According to a press release today, Monday 30 October, the agency is partnering Financial Services Agency of Japan (FSA), the Swiss Financial Market Supervisory Authority (FINMA) and the United Kingdom’s Financial Conduct Authority (FCA) to advance digital asset pilots in fixed income, foreign exchange and asset management products.
Tagged Project Guardian, the initiative has MAS collaborating with 15 financial institutions to carry out industry pilots on asset tokenization in fixed income, foreign exchange, and asset management products.
“These pilots have demonstrated the potential to reap significant market and transaction efficiencies from the use of tokenization. As the pilots grow in scale and sophistication, there is a need for closer cross-border collaboration among policymakers and regulators. MAS has therefore established a Project Guardian policymaker group comprising FSA, FCA and FINMA,” the press release stated.
Specifically, the collaboration aims to Advance discussions on legal, policy and accounting treatment of digital assets and identifying potential risks and possible gaps in existing policies and legislation relevant to tokenized solutions;
It also seeks to explore the development of common standards for the design of digital asset networks and market best practices across various jurisdictions and promote high standards of interoperability to support cross-border digital assets development
In addition, the collaboration will facilitate industry pilots for digital assets through regulatory sandboxes where applicable and promote knowledge sharing among regulators and industry experts.

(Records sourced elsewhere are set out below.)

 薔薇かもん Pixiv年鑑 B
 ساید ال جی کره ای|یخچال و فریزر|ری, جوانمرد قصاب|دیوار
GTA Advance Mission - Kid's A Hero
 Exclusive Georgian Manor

Developing a Common Regulatory Framework
There have been independent efforts by different countries to regulate cryptocurrencies. However, these efforts haven’t yielded much results on their own. This has necessitated the creation of a regulatory framework for regulation of crypto in many countries.
MAS’ partnership with European regulators is aimed at helping to bring common regulatory standards to help regulate crypto among the partner countries. Commenting on the collaboration, Deputy Managing Director (Markets and Development), MAS, Mr Leong Sing Chiong said:
“MAS’ partnership with FSA, FCA and FINMA shows a strong desire among policymakers to deepen our understanding of the opportunities and risks arising from digital asset innovation. Through this partnership, we hope to promote the development of common standards and regulatory frameworks that can better support cross border interoperability, as well as sustainable growth of the digital asset ecosystem.”
Singapore’s Crypto Stance
Singapore is one of the countries that are most welcoming to cryptocurrencies in the world. The country has made significant progress in making its environment conducive for crypto companies. No wonder many of them have acquired regulatory licenses there recently, including Coinbase, Ripple, and many other exchanges.

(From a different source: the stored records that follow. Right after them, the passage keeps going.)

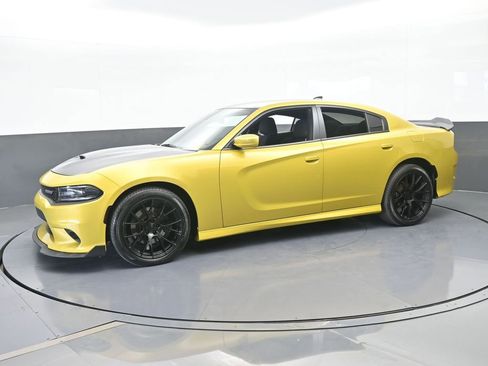 Used 2021 Dodge Charger R/T image 2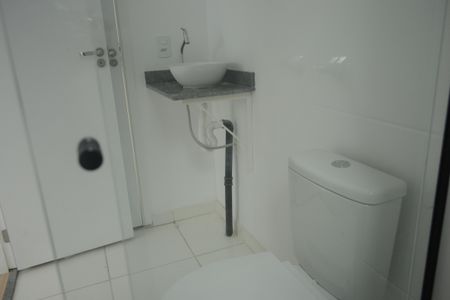 Apartamento para alugar com 64m², 2 quartos e 1 vaga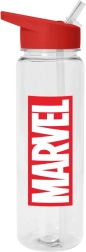 Bouteille en plastique Marvel 700 ml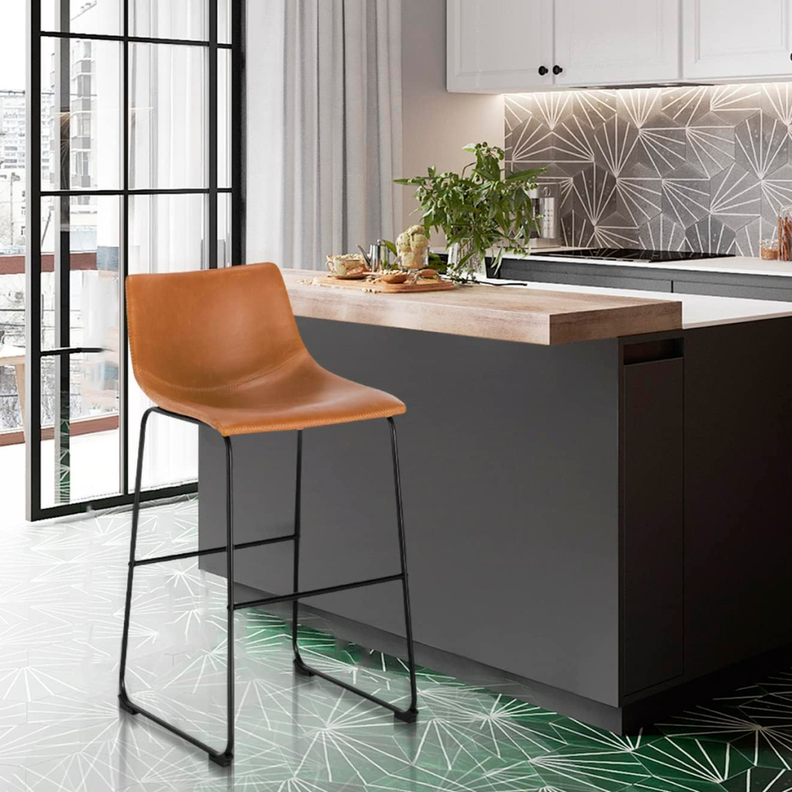 Taburete Toscana de 65cm | Comodidad y Estilo-2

As it turns out, lack of regulation is one of the biggest hindrances to the growth of the crypto industry, but Singapore is pursuing regulation to facilitate the growth of the industry, not just in its jurisdiction but also in the countries that are involved in this partnership.

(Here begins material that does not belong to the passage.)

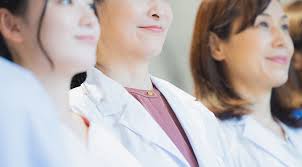 支援を受けた女性研究者の業績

Already, European countries are working on MiCA, a comprehensive regulatory framework that will help regulate cryptocurrencies in the entire European region with the exception of the UK. The UK itself is working on drafting regulations for the industry.
The country has released a policy for the regulation of stablecoins, which will bring fiat-backed stablecoins under the same regulatory provisions as the mainstream financial system, since the country intends to incorporate stablecoins into its payment chains.